My understanding of "to screw the pooch" has always been "to make a grave, possible fatal, error."

As for _branler le mammouth_, sounds a bit akin to 'twiddling one's thumbs' in the sense of doing nothing much at all.

And I suppose you could pun on it and say 'he's probably diddling his thumbs,' just to keep it confusing and nasty.


----------



## Budd

mgarizona said:


> My understanding of "to screw the pooch" has always been "to make a grave, possible fatal, error."
> 
> As for _branler le mammouth_, sounds a bit akin to 'twiddling one's thumbs' in the sense of doing nothing much at all.
> 
> And I suppose you could pun on it and say 'he's probably diddling his thumbs,' just to keep it confusing and nasty.


 
Sorry, that's not right at all.  Screw the pooch is the cleaned up version of Fuck the dog and means to waste time, usually by doing something pointless.  It's stronger than "spinning your wheels."


----------



## mgarizona

Budd said:


> Sorry, that's not right at all. Screw the pooch is the cleaned up version of Fuck the dog and means to waste time, usually by doing something pointless.


 
Seems the folks at Urban Dictionary would disagree:

http://www.urbandictionary.com/define.php?term=screwed the pooch


----------



## Already-Seen

Per this link, it originally meant "wasting time doing nothing" but is now generally understood as "making a terrible mistake."

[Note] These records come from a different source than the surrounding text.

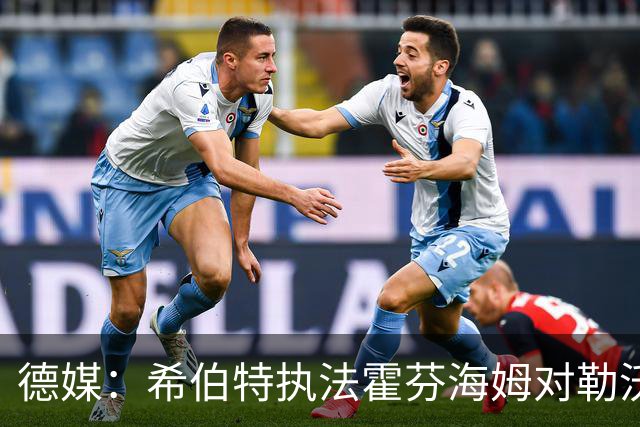 德媒：希伯特执法霍芬海姆对勒沃库森伤退，哈特曼接任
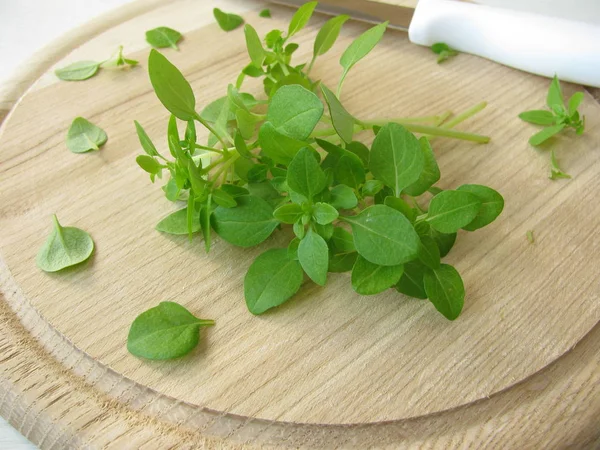 Ready Cook Small Leafed Basil — Stock Photo, Image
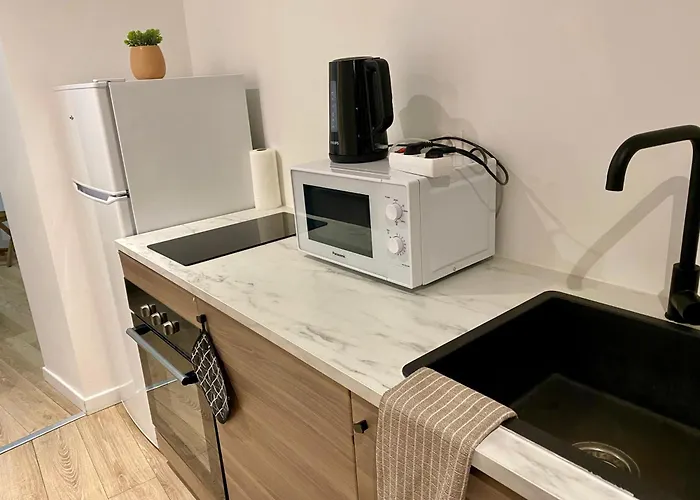 Apartment Acacia Terrasse*proche Centre-ville Et Chu *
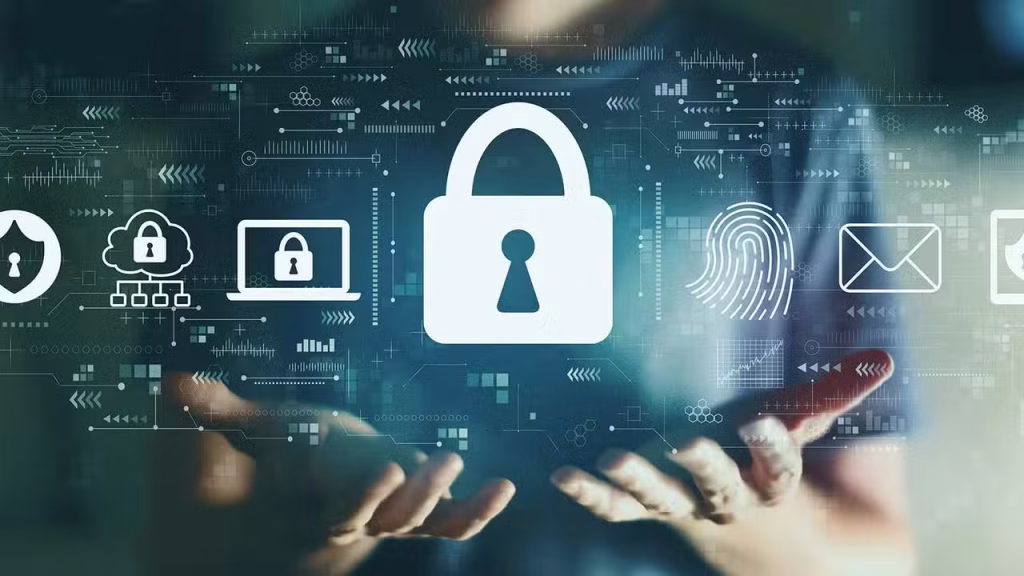 Government Introduces Personal Data Access Rights For Pakistani Citizens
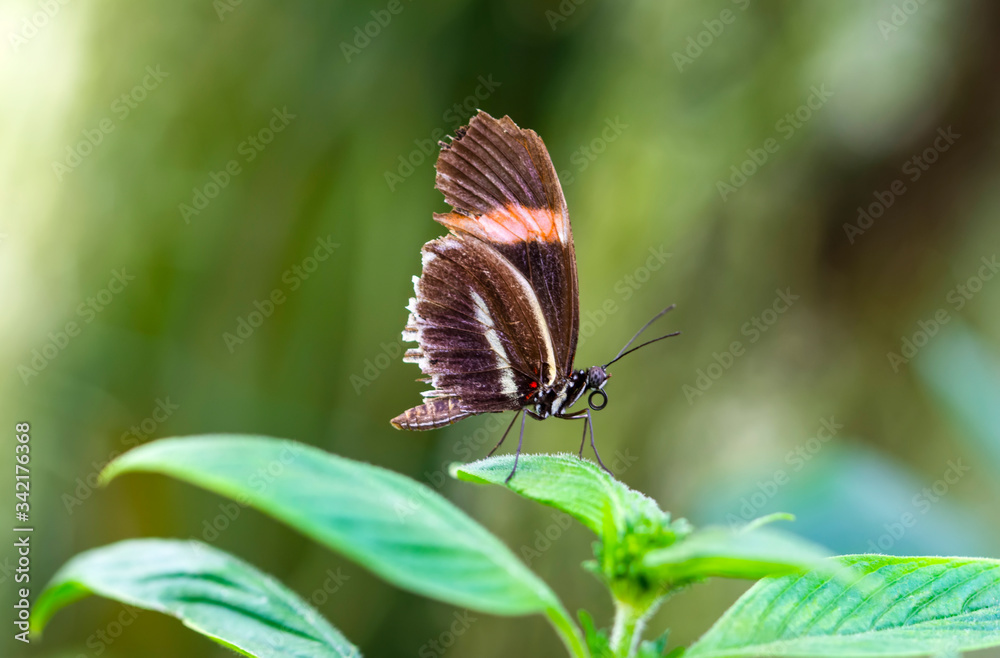 Beautiful heliconius butterfly sitting on flower in a summer garden
Beautiful heliconius butterfly sitting on flower in a summer garden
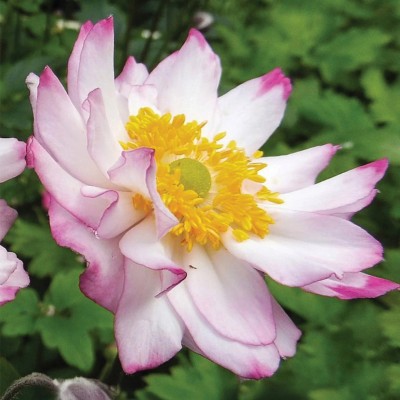 Anemone 'Royal Candy' - Szellőrózsa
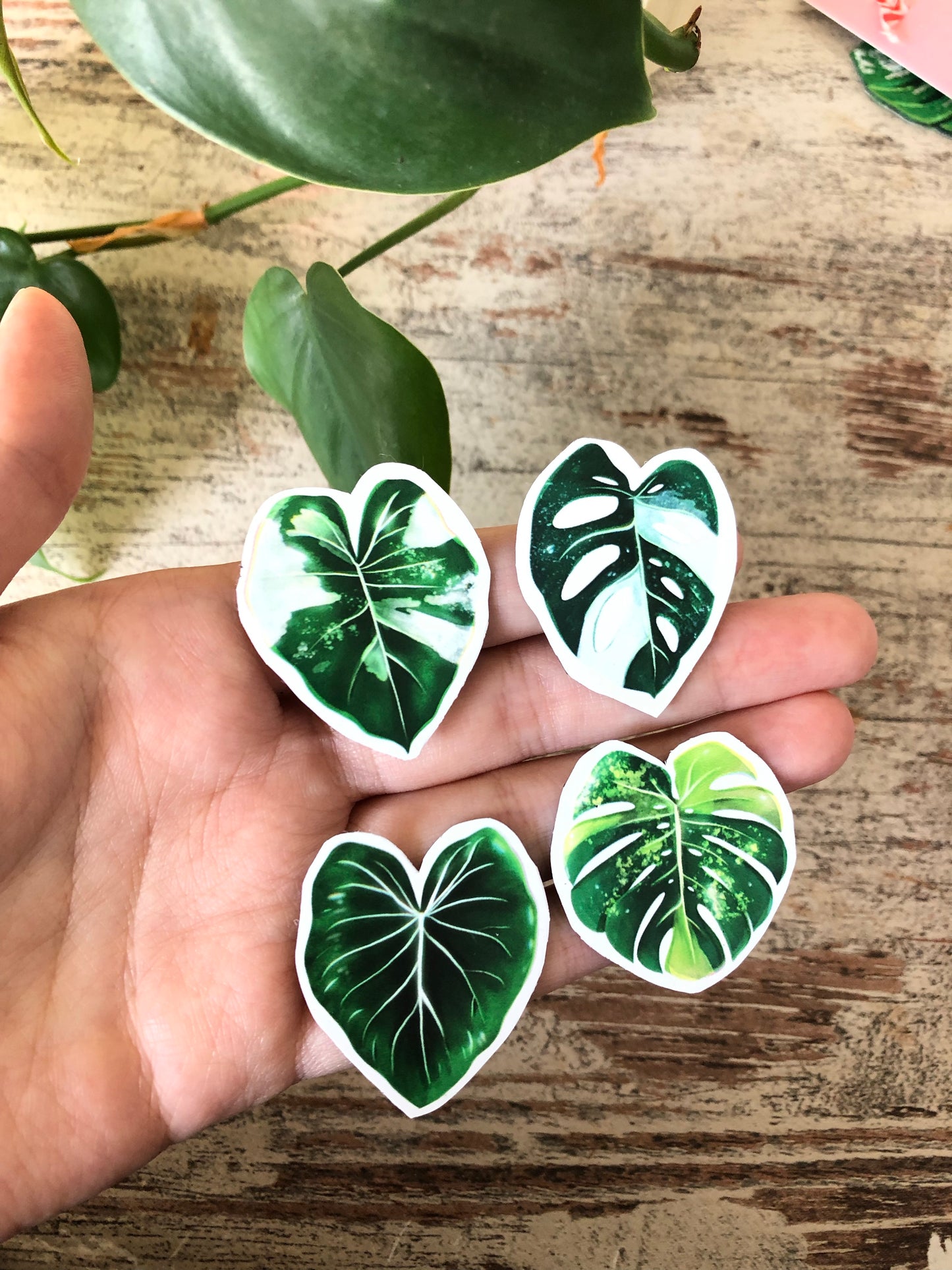 Magnet Set 2 - Alocasia variegata, Monstera adansonii variegata, Monstera Aurea, Philodendron - wearequiethumans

Other explanations and definitions, here , here and here.


----------



## Budd

The Urban Dictionary is notoriously unreliable, especially when it is dealing with what is a very rural term.  My guess, from the examples I saw after following mgarizona's link, is that young people have heard "Screw the pooch" and misunderstood it.  Already-Seen's links more or less bear this out.  It could be that usage, however incorrect, is changing the value of the phrase, and so be it: that's the way of language.  But when it comes to screwing the pooch, I remain a purist.


----------



## sarahgk

doing diddly squat
doing jack shit
dick around

vulgar but funny expressions like what frat boys would use


----------



## Budd

> doing diddly squat
> doing jack shit
> 
> vulgar but funny expressions like what frat boys would use


 
Bless you, Sarahg


----------



## Amda Zako

I can't comment on usage, but they sound good to me!


----------



## exiled scot

suggestion = "he is doing sweet fanny adams" which is a euphemism for "sweet fuck all"


----------



## jf_uk

In British English for "doing nothing, wasting time" you could use "fart-arsing around".


----------